A renegociação da dívida do Rio de Janeiro, que começou ontem no Rio, continuará hoje em Brasília, e ao que tudo indica a tentativa de solução passará por compromissos que o governo do Estado não conseguiu aprovar na Assembléia Legislativa, nem o governo federal aprovou na Câmara em Brasília. A decisão da ministra Carmem Lucia de atender a pedido da Advocacia Geral da União (AGU) e suspender a tramitação do processo que impediu o bloqueio de contas do Estado do Rio, tem a ver com essa renegociação em andamento. As liminares concedidas pela presidente do STF na semana passada, que garantiram o repasse de R$ 370 milhões da União ao Estado, continuam valendo, mas seus efeitos estão suspensos até que governos federal e estadual cheguem a um acordo.

Como o ministro da Fazenda Henrique Meirelles disse que “a suspensão do pagamento das dívidas é uma parte menor do ajuste necessário para o Rio”, veremos novamente questões relacionadas à diminuição de despesas e aumento de receitas sendo discutidas. 

A situação “dramática” das finanças públicas do Rio só pode ser resolvida, segundo técnicos que acompanharam a negociação, com a redução da folha salarial, que é maior do que a arrecadação.  
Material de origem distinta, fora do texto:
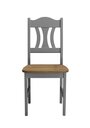 Landhaus Stuhl mit Holzsitz Karl Kristel 44 x 45 x 92 cm, grau/laugenfarbig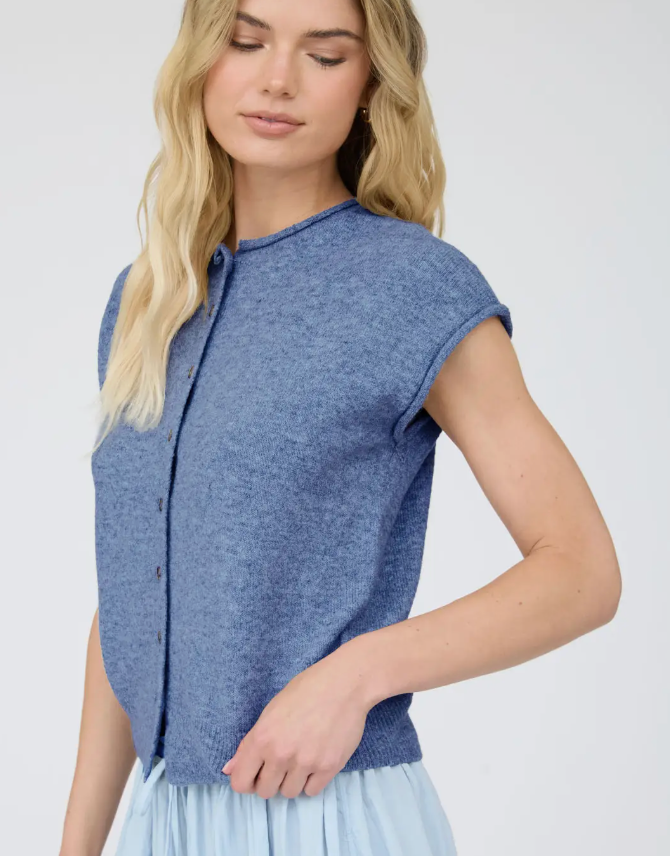 Raw Edge Sleeveless Cardigan- Denim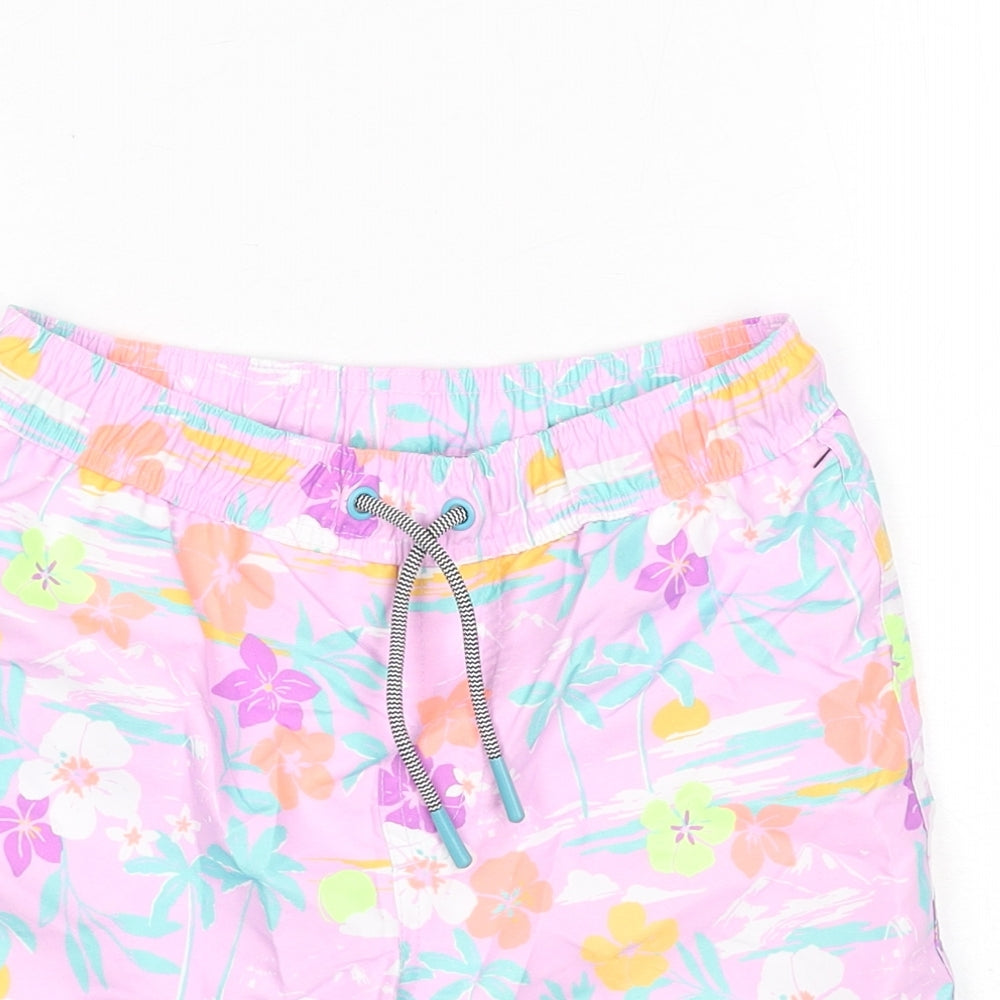 Marks and Spencer Boys Multicoloured Geometric Polyester Bermuda Shorts Size 7-8 Years Regular Drawstring - Swim Shorts, Palm Trees, Flowers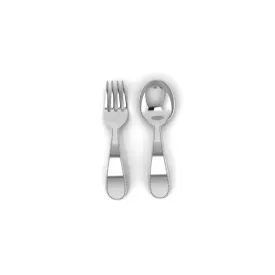 Sterling Silver Feeding Spoon & Fork Set - Beaded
Um plano que “definitivamente vai resolver o problema fiscal do Rio”, como afirmou Meirelles, terá necessariamente que conter elevação da contribuição previdenciária dos servidores para 14%, no mínimo; mudanças nos regimes previdenciários dos servidores estaduais; redução de incentivos tributários; revisão do regime jurídico único dos servidores; suspensão de reajustes salariais; proibição de criação de cargos, mudanças em carreias que leve a aumento de despesas, contratação de pessoal, realização de concurso público, e medidas semelhantes, todas medidas incluídas nas contrapartidas que a Câmara não aprovou.

Essa situação de endividamento de Estados foi agravada por uma política de liberalização da Secretaria de Tesouro Nacional na época do ministro da Fazenda Guido Mantega entre 2012 e 2015, que o Tribunal de Contas da União (TCU) está investigando. Segundo relatórios, a União garantiu R$ 73 bilhões em operações de crédito para os governos estaduais com rating C ou D. 

Isso foi possível devido a uma portaria editada em 10 de setembro de 2012, dando poderes ao ministro da Fazenda, em "caráter excepcional", de autorizar Estados com rating mais baixo a contratar empréstimos com aval da União.

O maior beneficiado por essas operações foi o Rio de Janeiro, que recebeu aval para R$ 6,2 bilhões em empréstimos captados no Brasil e outros US$ 660 milhões no exterior em 2013, por pressão do governador Sérgio Cabral quando sua nota era C. Com a situação fiscal piorando, a nota do Rio caiu para D, mas mesmo assim o Estado obteve novas garantias para empréstimos de R$ 8,3 bilhões.

Houve momento em que o TCU recomendou à Secretaria do Tesouro Nacional que checasse a viabilidade de pagamentos dos empréstimos, já que os cinco maiores devedores (Minas Gerais, Rio Grande do Sul, São Paulo e Rio de Janeiro, e o município de São Paulo) respondiam por 85% dos haveres da União.

O resultado foi a conclusão de que seria muito pouco provável que esses Estados conseguissem quitar os respectivos saldos devedores ao final do contrato, o que está acontecendo agora. A situação é tão preocupante que o presidente Michel Temer foi visitar a presidente do Supremo Tribunal Federal (STF), ministra Carmem Lucia, no fim de semana para conversar, além da crise dos presídios, sobre as liminares que ela concedeu, seguindo jurisprudência do Supremo, impedindo que o Tesouro bloqueie dinheiro do Estado do Rio para pagamento dos empréstimos que o Tesouro avalizou.

A decisão de ontem da presidente do Supremo, de suspender o processo do Estado do Rio até que haja um acordo com o governo federal, é consequência dessa conversa no fim de semana. Caso não se chegue a um acordo e o entendimento do STF continue sendo de que não se pode bloquear dinheiro de Estados inadimplentes para que os serviços públicos continuem funcionando, o governo federal está disposto a não mais dar aval para empréstimos de governos em situação fiscal precária.